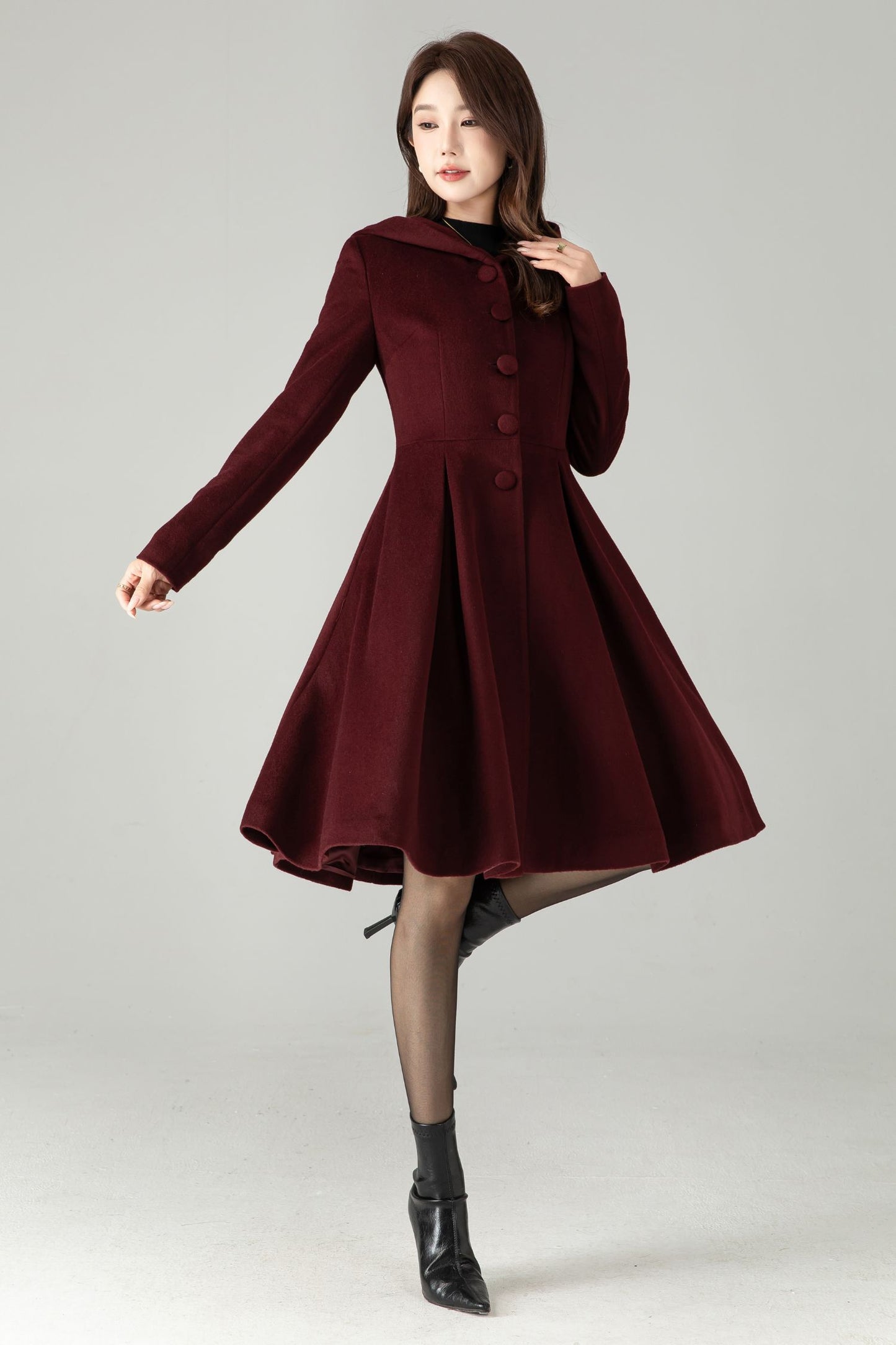Hooded Burgundy Wool Coat – Vintage Fit & Flare Short Winter Coat | Xiaolizi 6572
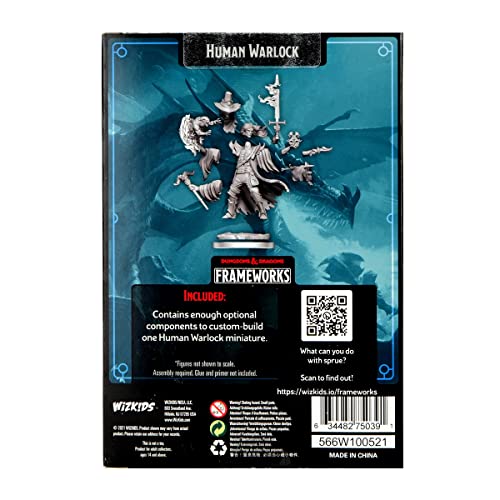 WizKids D&D Frameworks: Human Warlock Male - Unpainted and Unassembled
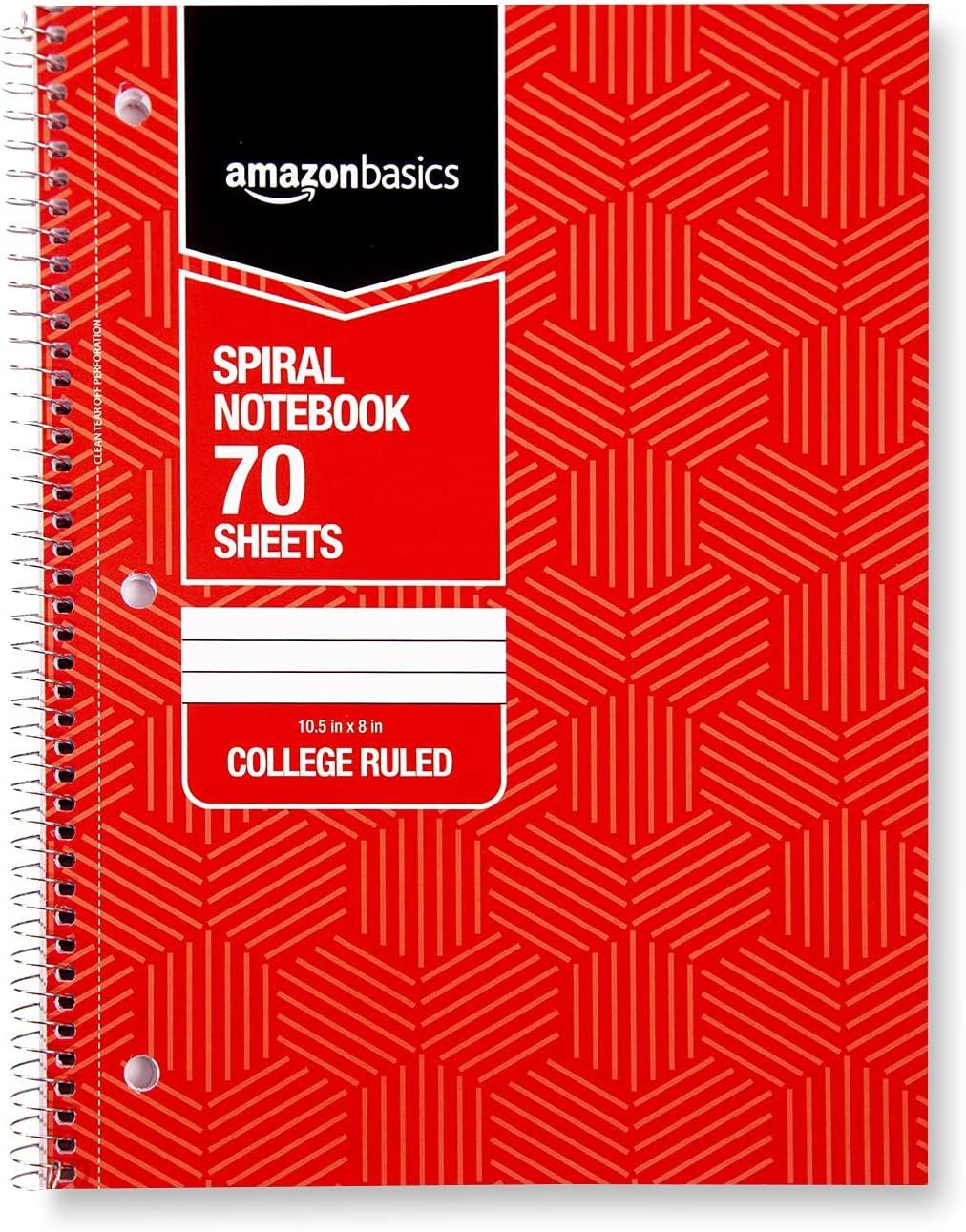 imageAmazon Basics College Ruled Wirebound Spiral Notebook 70 Sheet  5Pack Assorted Lattice Pattern ColorsAssorted Sunburst Pattern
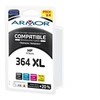 Image de - Pack de 4 - noir, jaune, cyan, magenta - compatible - cartouche d'encre (alternative pour : HP 364XL) - pour HP Deskjet 35XX; Photosmart 55XX, 55XX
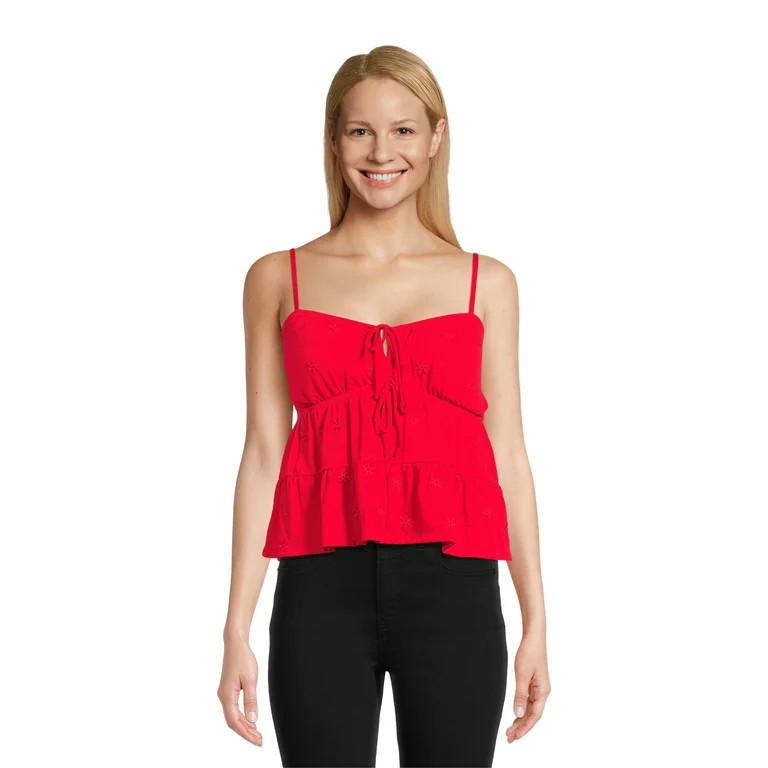 No Boundaries Knit Eyelet Tank Top, Women's - Walmart.com | Walmart (US)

::::::::::

◆ **Work required**
The entries are to be written out in full and exactly, apart from the pictures.

◆ **Result of this task**
Hooded Burgundy Wool Coat – Vintage Fit & Flare Short Winter Coat | Xiaolizi 6572
 WizKids D&D Frameworks: Human Warlock Male - Unpainted and Unassembled
 imageAmazon Basics College Ruled Wirebound Spiral Notebook 70 Sheet  5Pack Assorted Lattice Pattern ColorsAssorted Sunburst Pattern
 Image de - Pack de 4 - noir, jaune, cyan, magenta - compatible - cartouche d'encre (alternative pour : HP 364XL) - pour HP Deskjet 35XX; Photosmart 55XX, 55XX
 No Boundaries Knit Eyelet Tank Top, Women's - Walmart.com | Walmart (US)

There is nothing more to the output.